WORK REQUEST.
Each line, starting at the one with "Memahami Perbedaan Rapid" and running to the end of the data below, is to be set down again exactly, both ends included; leave pictures out.

Segment Start: AVAILABLE DATA

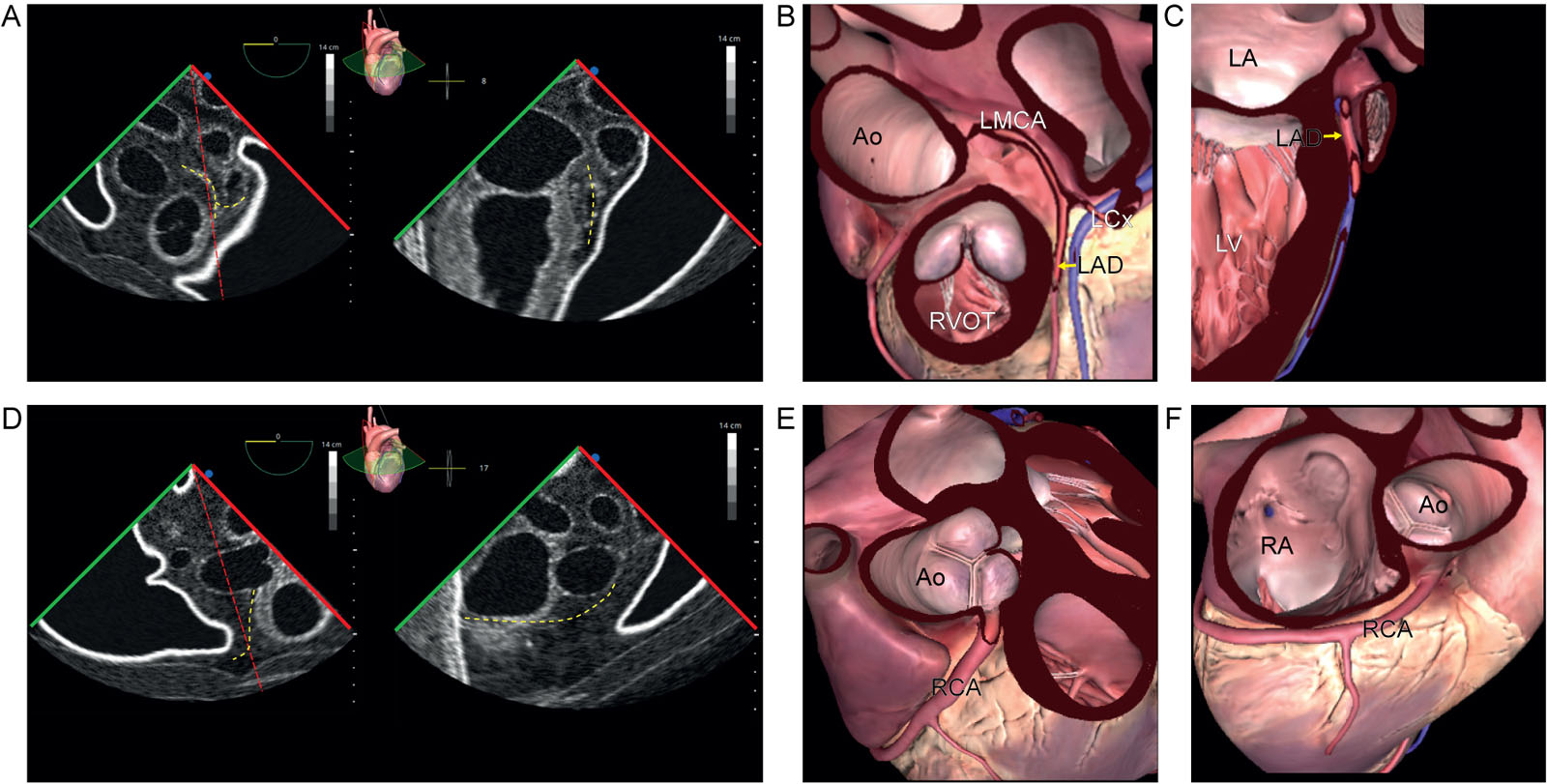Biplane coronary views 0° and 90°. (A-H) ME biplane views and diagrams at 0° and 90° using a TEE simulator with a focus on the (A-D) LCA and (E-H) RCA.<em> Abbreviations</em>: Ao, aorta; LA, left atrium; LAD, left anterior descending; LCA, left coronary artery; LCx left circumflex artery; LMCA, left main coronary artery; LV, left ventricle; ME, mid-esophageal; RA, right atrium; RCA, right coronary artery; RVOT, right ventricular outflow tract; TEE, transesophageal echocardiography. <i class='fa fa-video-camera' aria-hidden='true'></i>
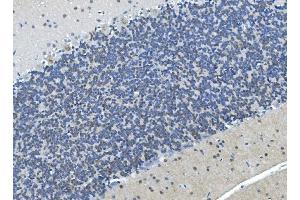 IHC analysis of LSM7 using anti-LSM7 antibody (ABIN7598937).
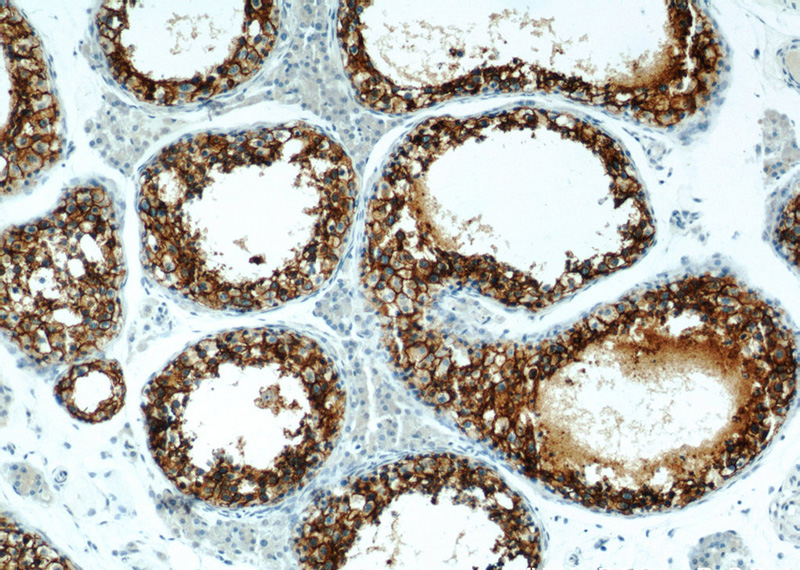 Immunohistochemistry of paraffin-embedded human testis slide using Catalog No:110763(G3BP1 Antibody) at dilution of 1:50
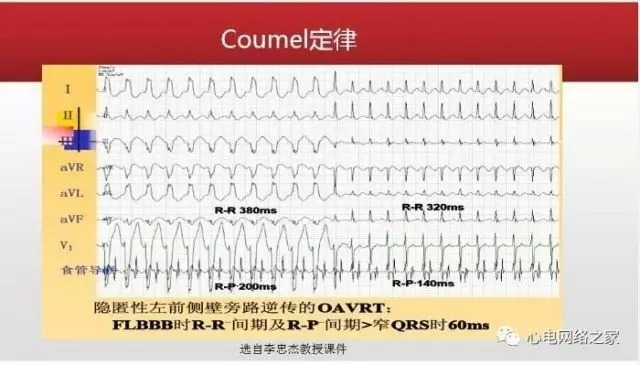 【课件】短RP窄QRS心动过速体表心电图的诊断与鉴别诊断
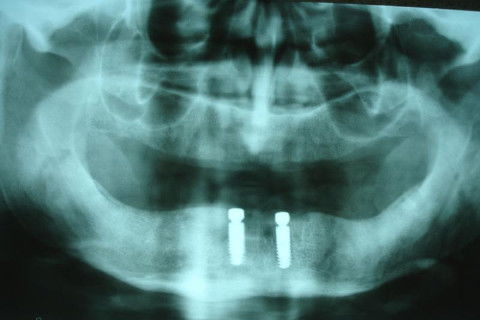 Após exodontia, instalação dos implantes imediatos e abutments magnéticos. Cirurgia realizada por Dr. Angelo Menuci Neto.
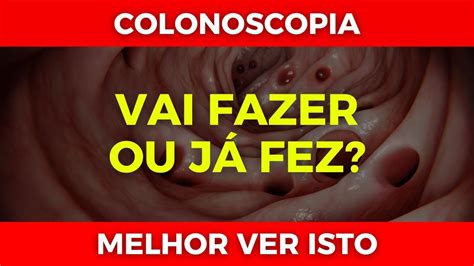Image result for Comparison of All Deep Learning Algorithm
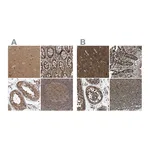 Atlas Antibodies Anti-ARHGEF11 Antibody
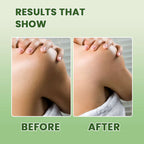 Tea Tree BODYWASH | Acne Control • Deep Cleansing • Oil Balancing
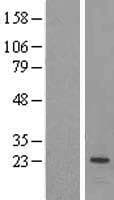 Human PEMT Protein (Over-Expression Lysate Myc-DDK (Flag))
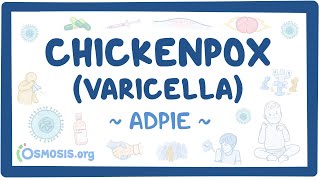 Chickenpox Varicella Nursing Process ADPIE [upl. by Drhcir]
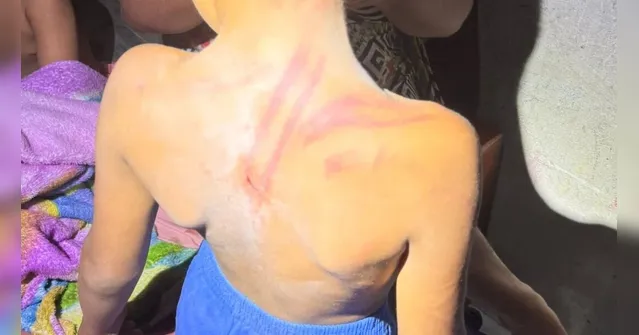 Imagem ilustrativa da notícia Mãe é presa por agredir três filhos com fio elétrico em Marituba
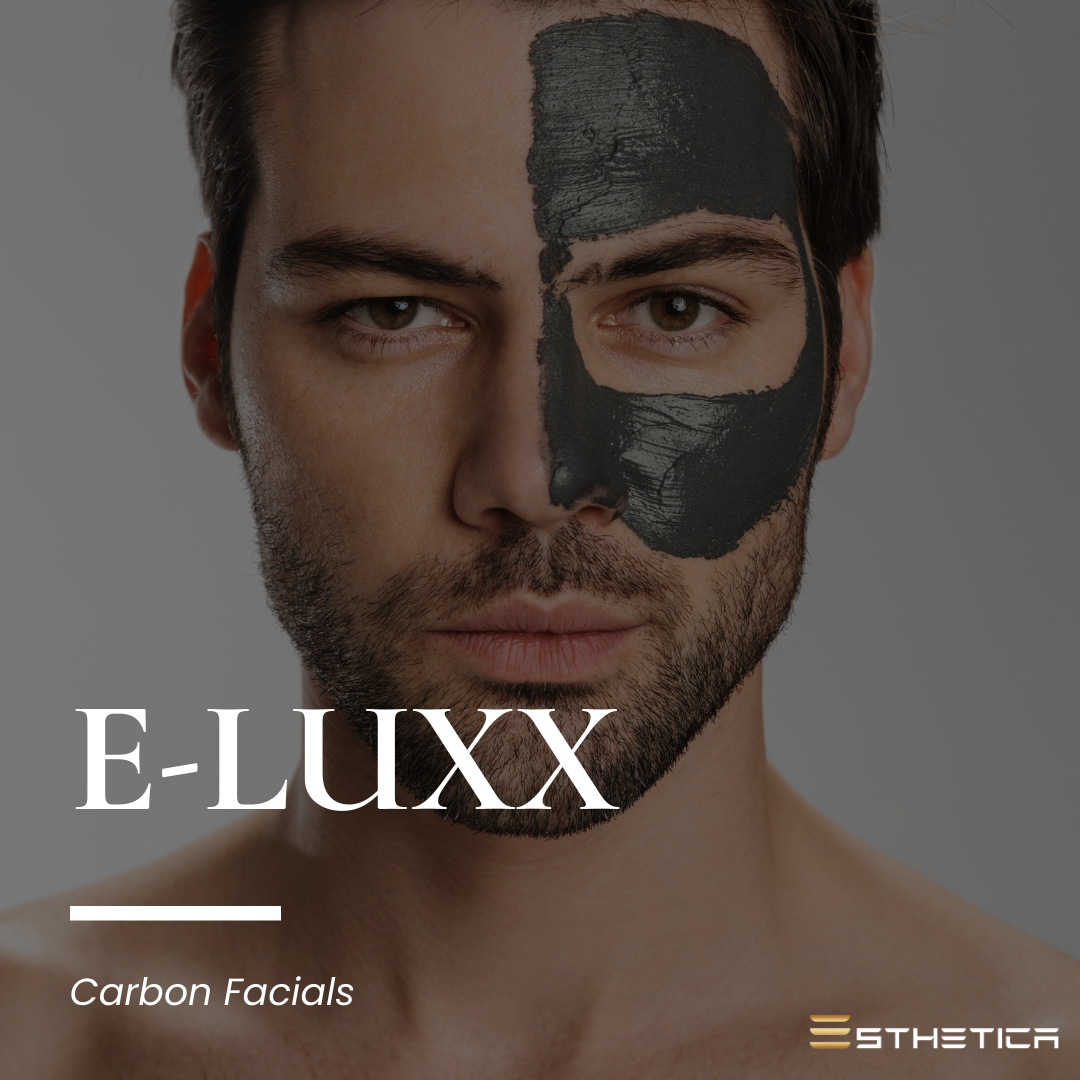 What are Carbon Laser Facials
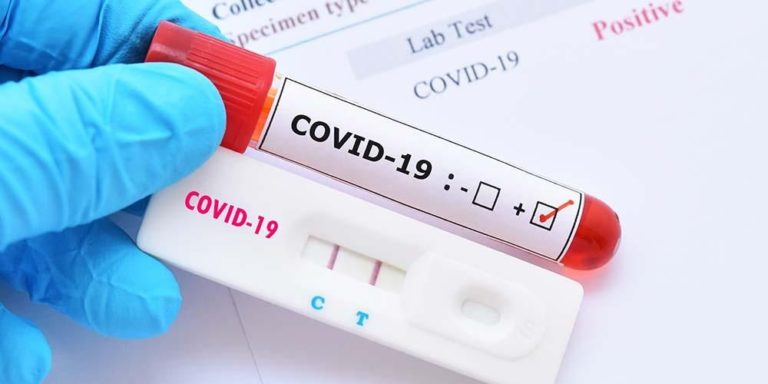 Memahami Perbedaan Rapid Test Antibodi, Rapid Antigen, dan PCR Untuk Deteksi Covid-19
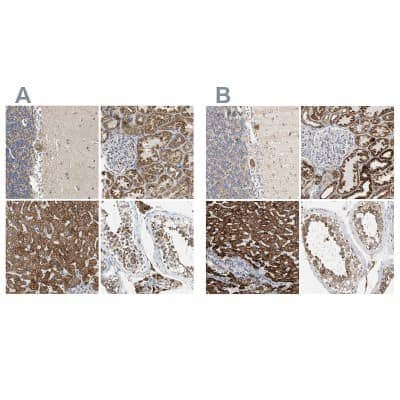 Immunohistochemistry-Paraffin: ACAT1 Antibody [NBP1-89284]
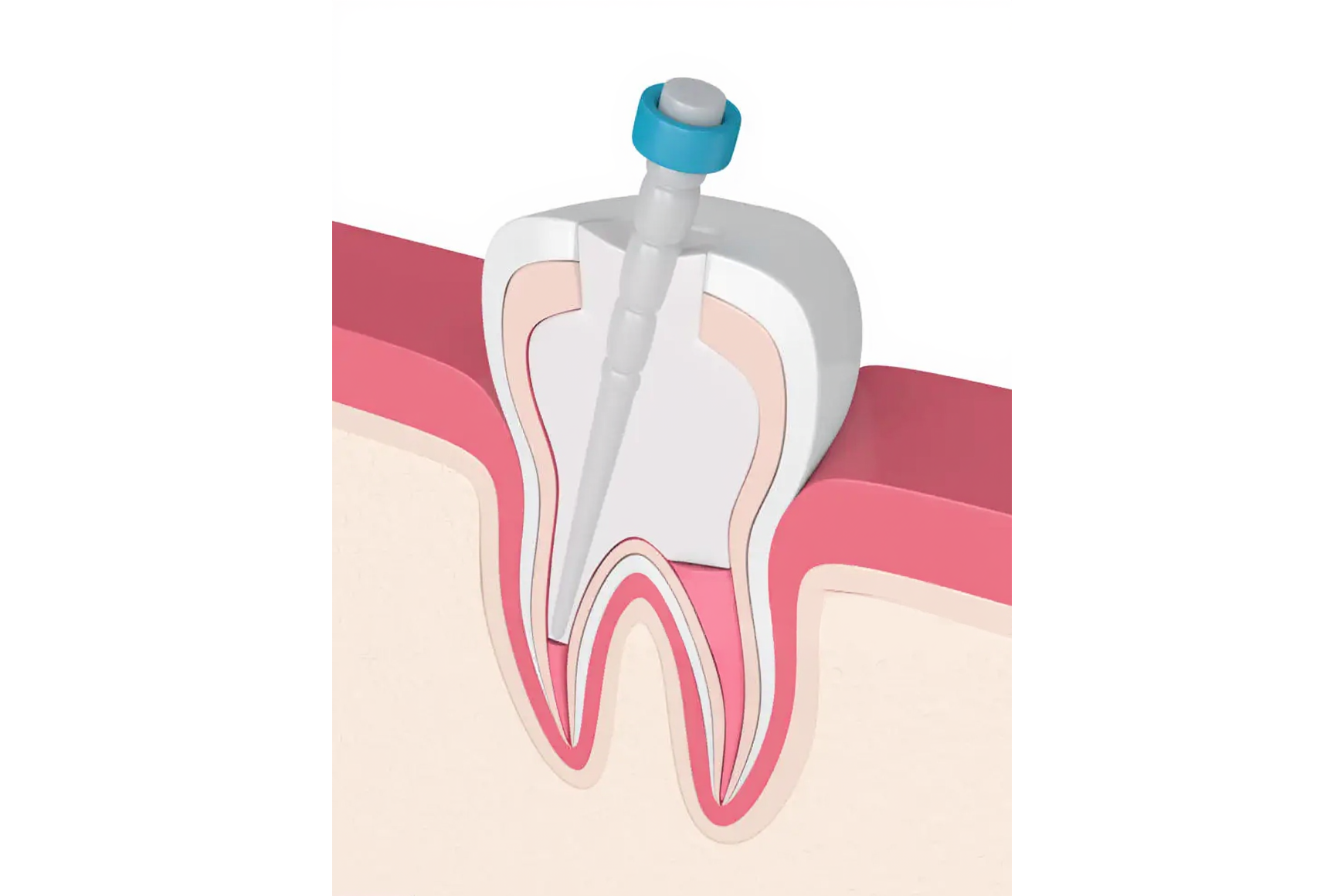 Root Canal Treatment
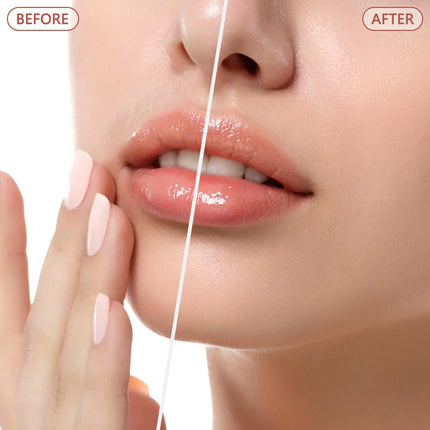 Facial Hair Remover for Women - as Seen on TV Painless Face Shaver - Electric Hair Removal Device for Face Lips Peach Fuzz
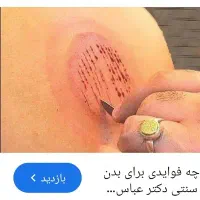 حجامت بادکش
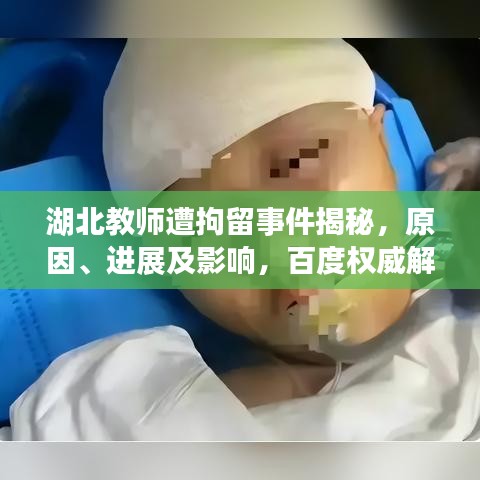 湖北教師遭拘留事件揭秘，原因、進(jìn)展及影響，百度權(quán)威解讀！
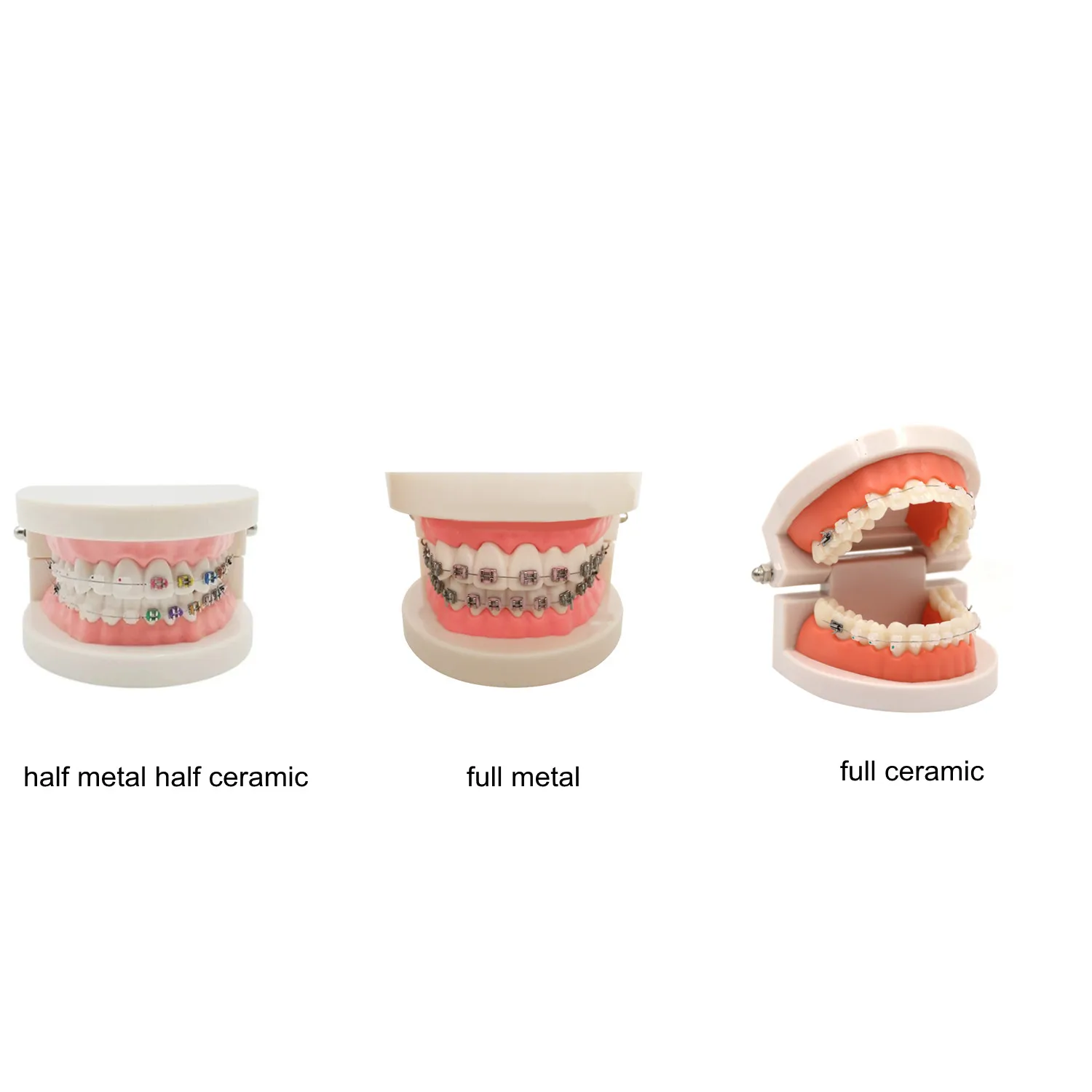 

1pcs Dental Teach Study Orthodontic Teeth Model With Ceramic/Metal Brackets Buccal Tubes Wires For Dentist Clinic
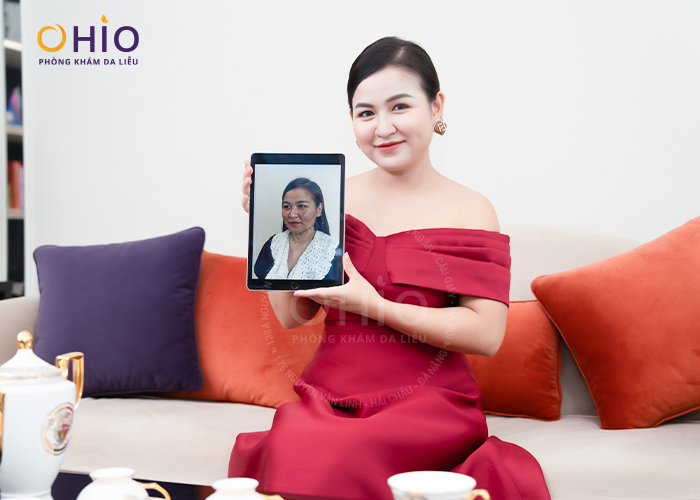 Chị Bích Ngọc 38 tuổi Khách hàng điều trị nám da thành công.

Segment End: AVAILABLE DATA

ANSWER SPACE.
 Memahami Perbedaan Rapid Test Antibodi, Rapid Antigen, dan PCR Untuk Deteksi Covid-19
 Immunohistochemistry-Paraffin: ACAT1 Antibody [NBP1-89284]
 Root Canal Treatment
 Facial Hair Remover for Women - as Seen on TV Painless Face Shaver - Electric Hair Removal Device for Face Lips Peach Fuzz
 حجامت بادکش
 湖北教師遭拘留事件揭秘，原因、進(jìn)展及影響，百度權(quán)威解讀！

1pcs Dental Teach Study Orthodontic Teeth Model With Ceramic/Metal Brackets Buccal Tubes Wires For Dentist Clinic
 Chị Bích Ngọc 38 tuổi Khách hàng điều trị nám da thành công.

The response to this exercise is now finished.